Der Zweifel – Engelchen oder Teufel?
Ein Großteil meiner Beziehungen ist in die Brüche gegangen, weil irgendwer angefangen hat zu zweifeln. Insbesondere der Zweifel an der Treue eines Partners ist wie Gift für eine Beziehung. Aber auch der Zweifel an der Ehrlichkeit eines Partners und der Zweifel an der Zuverlässigkeit eines Partner können dazu führen, dass man kein Vertrauen mehr in diese Person hat oder das Vertrauen zumindest angeknackst wird. Und ist erst einmal das Vertrauen nachhaltig gebrochen, ist der Untergang einer Beziehung schon besiegelt, wenn nicht beide Partner daran arbeiten, die Beziehung noch zu retten und das Vertrauen wieder zurückzugewinnen.

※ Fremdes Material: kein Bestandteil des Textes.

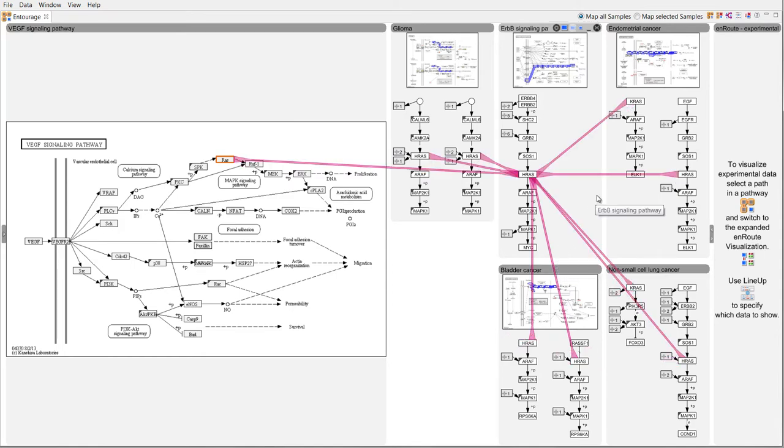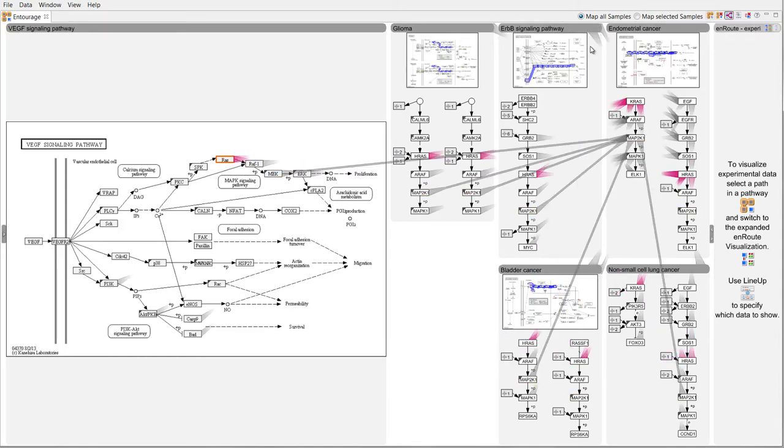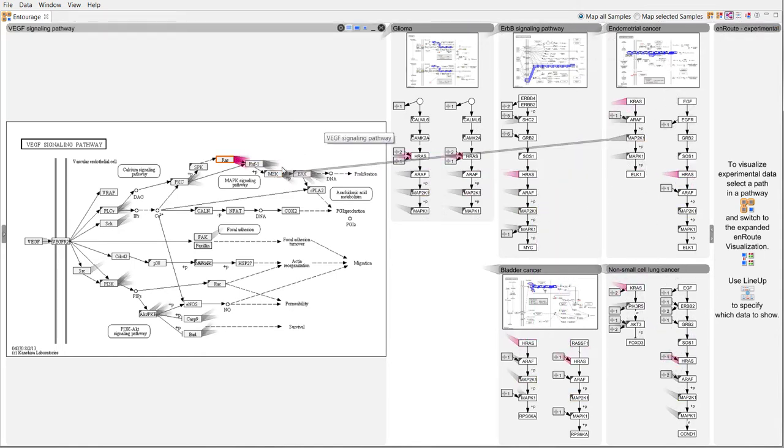To see which nodes play a role in multiple pathways we can switch on stops for all nodes.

In meinem Falle kann ich absolut keine Tipps geben, wie man mein Vertrauen oder ich das Vertrauen einer Person wieder gewinnen kann. Denn der Zweifel wirkte bei mir immer wie eine self-fulfilling prophecy. D.h. selbst wenn meine Zweifel unberechtigt waren, so hat mein Verhalten, das durch den Zweifel geboren wurde, dazu geführt, dass sich meine Zweifel bestätigten. Konkret: Ich stelle die Person in Frage und in meiner Wahnvorstellung – bei der ich mir rückblickend immer noch nicht sicher bin, bei welchen Personen mein Zweifel tatsächlich eine Wahnvorstellung war – sehe ich bei jeder Tat und jedem Wort, die/das mich nur annähernd bestätigen könnte, meine Zweifel wieder. Das man sowieso immer nur die Person aus der eigenen subjektiven Sicht sehen kann, war mir schon vorher klar. Aber dass meine Einbildung „ich wüsste besser als die betroffene Person, wer sie sei“ dafür sorgt, dass ich sogar die Fähigkeit verliere, diese Einbildung zu reflektieren, wird mir – wenn überhaupt – erst im Nachhinein klar.

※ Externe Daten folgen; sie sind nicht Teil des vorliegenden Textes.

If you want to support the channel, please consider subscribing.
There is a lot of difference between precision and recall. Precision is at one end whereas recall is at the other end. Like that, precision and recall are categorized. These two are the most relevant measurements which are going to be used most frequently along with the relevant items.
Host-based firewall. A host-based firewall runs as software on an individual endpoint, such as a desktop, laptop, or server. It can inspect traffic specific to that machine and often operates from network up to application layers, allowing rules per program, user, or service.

Aber ich kann mir nicht vorstellen, dass wir Menschen eine solche Fähigkeit nicht entwickelt hätten, wenn es hierfür nicht auch einen sozialen oder psychologischen Zweck gäbe. Ich denke, der psychologische Vorteil liegt auf der Hand: Selbstschutz. Der Zweifel soll einen davor bewahren, in eine ungewollte Situation zu geraten und sich nicht von anderen Personen hinters Licht führen zu lassen. Zum Beispiel ist eine meiner Eigenschaften, dass ich zwar auf der einen Seite das Leben so annehme, wie es kommt, aber auf der anderen Seite auch nicht meine kostbare Zeit nicht verschwenden will. Wenn also eine Person in Zukunftsperspektive nicht meine Erwartungen erfüllen kann, hilft mir der Zweifel, dass ich das schon im Vorfeld durchschaue. Unpraktisch jedoch, wenn die Erwartungen zu hoch gesetzt werden und niemand diese erfüllen kann – was mir zum Glück inzwischen nicht mehr passiert.

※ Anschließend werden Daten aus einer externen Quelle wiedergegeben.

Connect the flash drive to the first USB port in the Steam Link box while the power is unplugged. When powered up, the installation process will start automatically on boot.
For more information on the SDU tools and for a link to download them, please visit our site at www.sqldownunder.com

Sozial gesehen ist es natürlich wichtig, über seine Zweifel und Ängste zu reden. Auch wenn diese unbegründet sind, so zeigen sie dem Gegenüber auf, welche Erwartungshaltung und Bedenken man hat. Wenn man hier eine gute Kommunikationsform hat und die Sorgen ernst nimmt, glaube ich, dass das eine Beziehung verbessern kann. Während die einen lernen müssen, mit ihren Erwartungen umzugehen und nicht paranoid zu werden, müssen die anderen die Zweifel des Partners – selbst wenn sie unberechtigt sind – aufnehmen können sowie ihr Verhalten reflektieren, inwiefern die Bedenken doch berechtigt sind. Wenn alle sich auf diese Weise weiterentwickeln, verändert sich auch die Beziehung: Die Gefahr, dass man sich auseinanderlebt, wird minimiert und das Gefühl, den anderen „wirklich“ zu kennen, stärker ausgeprägt.
Seitdem ich aufmerksamer versuche, die Zweifel und Ängste von meinen Liebhaberinnen herauszuhören, bevor sie zu einem Drama werden, und auch selbst mehr darauf achte, wie angebracht meine Erwartungshaltung ist, ist mir bisher keine Beziehung mehr kaputt gegangen. Ob dies aber an meinem neuen Umgang mit Zweifeln liegt, kann ich jedoch nicht sagen. Die Zeit wird’s zeigen.